┌─ PROVIDED DATA
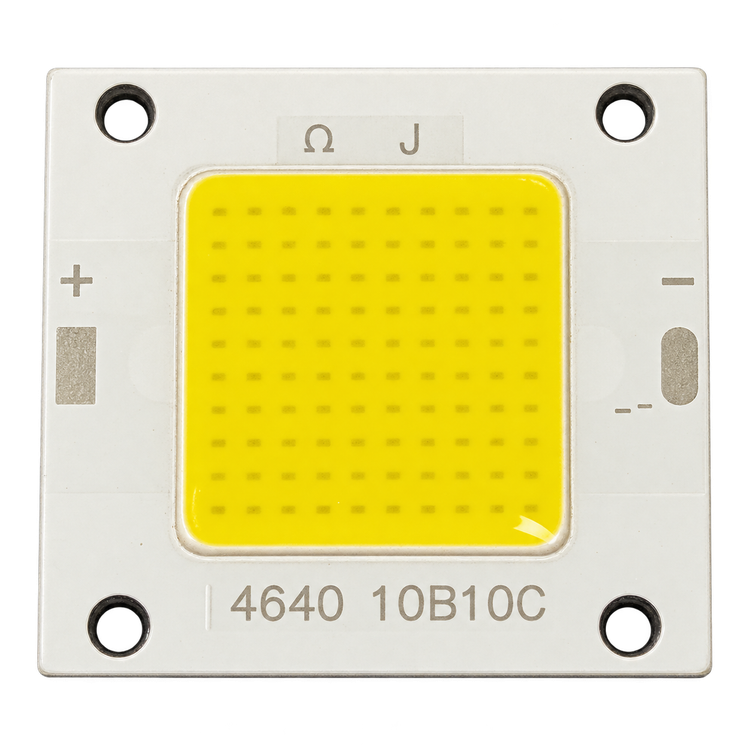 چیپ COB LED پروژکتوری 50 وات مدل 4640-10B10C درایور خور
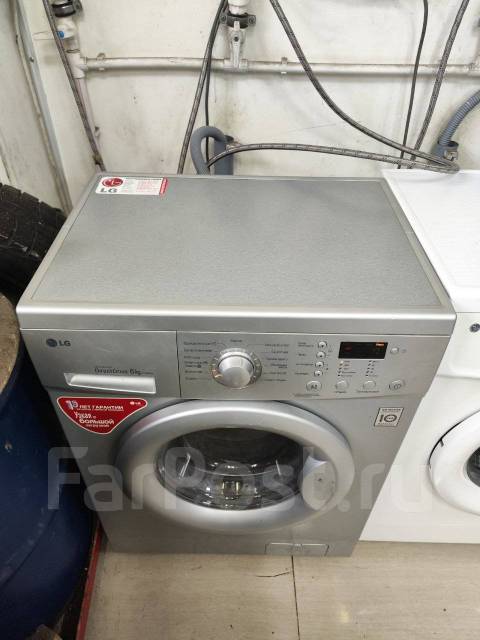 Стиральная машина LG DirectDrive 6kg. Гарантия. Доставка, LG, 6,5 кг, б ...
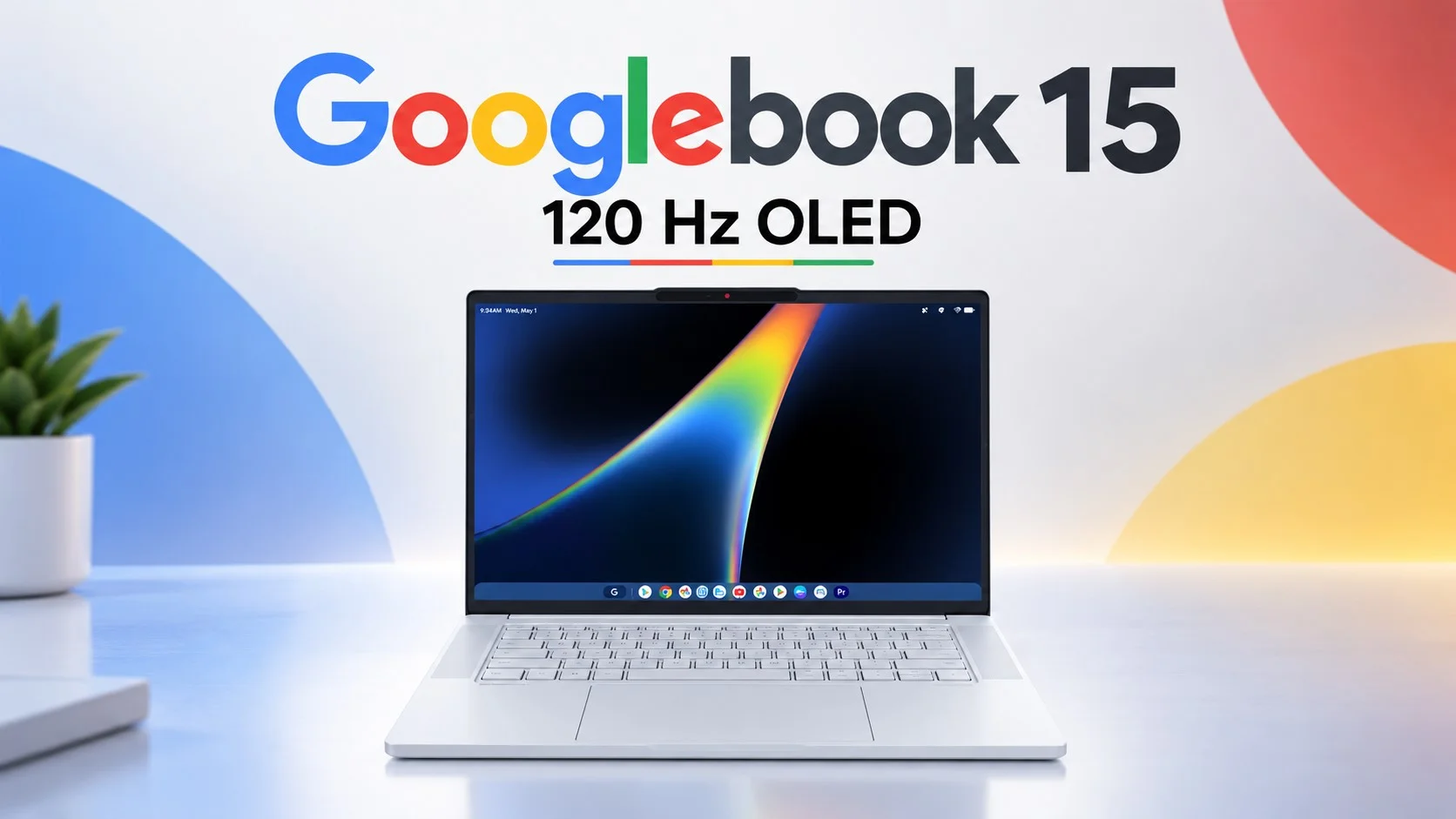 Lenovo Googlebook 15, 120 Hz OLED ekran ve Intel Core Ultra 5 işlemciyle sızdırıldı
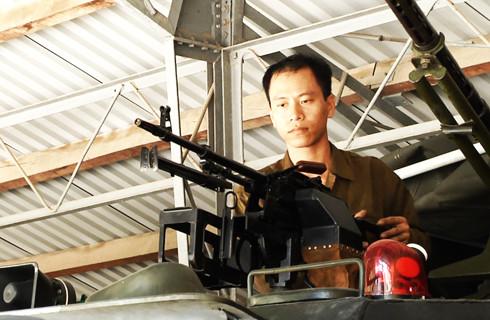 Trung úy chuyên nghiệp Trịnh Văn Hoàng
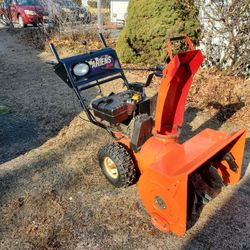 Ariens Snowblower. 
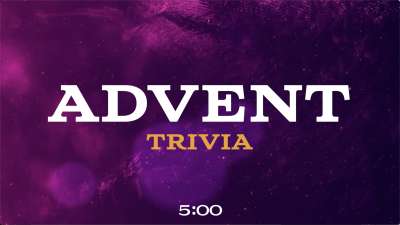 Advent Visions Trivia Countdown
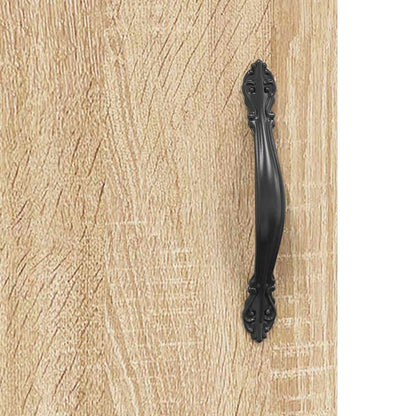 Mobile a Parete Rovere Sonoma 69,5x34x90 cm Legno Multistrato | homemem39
└─
┌─ PROVIDED DATA
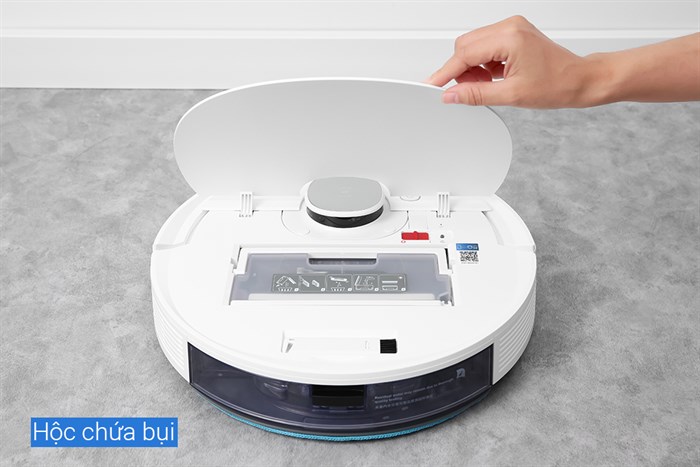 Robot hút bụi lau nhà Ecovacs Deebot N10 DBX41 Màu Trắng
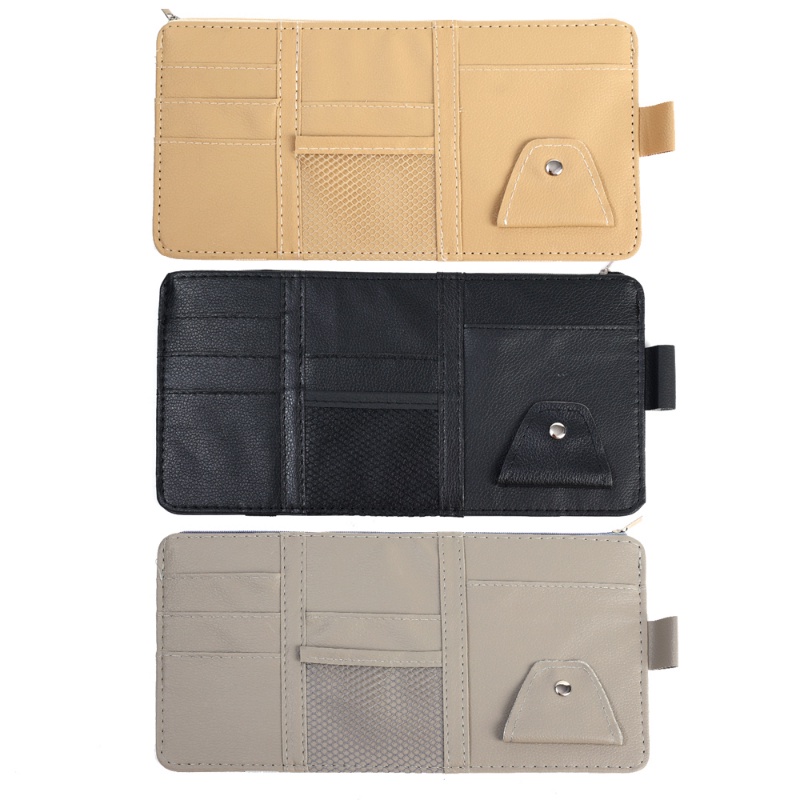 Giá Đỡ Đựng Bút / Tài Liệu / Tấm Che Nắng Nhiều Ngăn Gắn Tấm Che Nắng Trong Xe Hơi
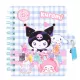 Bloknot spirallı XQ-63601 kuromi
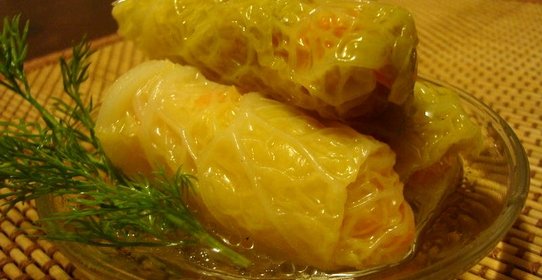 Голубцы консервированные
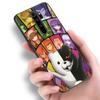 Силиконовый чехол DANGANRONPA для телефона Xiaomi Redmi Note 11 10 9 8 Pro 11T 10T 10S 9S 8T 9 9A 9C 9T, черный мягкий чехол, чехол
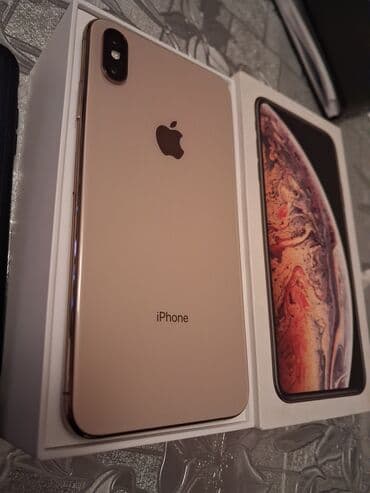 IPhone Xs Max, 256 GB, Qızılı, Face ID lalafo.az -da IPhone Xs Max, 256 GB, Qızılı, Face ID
└─
> _ASSIGNMENT_
Pictures in the material above should be skipped; print exactly the lines from the one with "چیپ COB LED" through the one with "Mobile a Parete".

> _RESPONSE AREA_
 چیپ COB LED پروژکتوری 50 وات مدل 4640-10B10C درایور خور
 Стиральная машина LG DirectDrive 6kg. Гарантия. Доставка, LG, 6,5 кг, б ...
 Lenovo Googlebook 15, 120 Hz OLED ekran ve Intel Core Ultra 5 işlemciyle sızdırıldı
 Trung úy chuyên nghiệp Trịnh Văn Hoàng
 Ariens Snowblower. 
 Advent Visions Trivia Countdown
 Mobile a Parete Rovere Sonoma 69,5x34x90 cm Legno Multistrato | homemem39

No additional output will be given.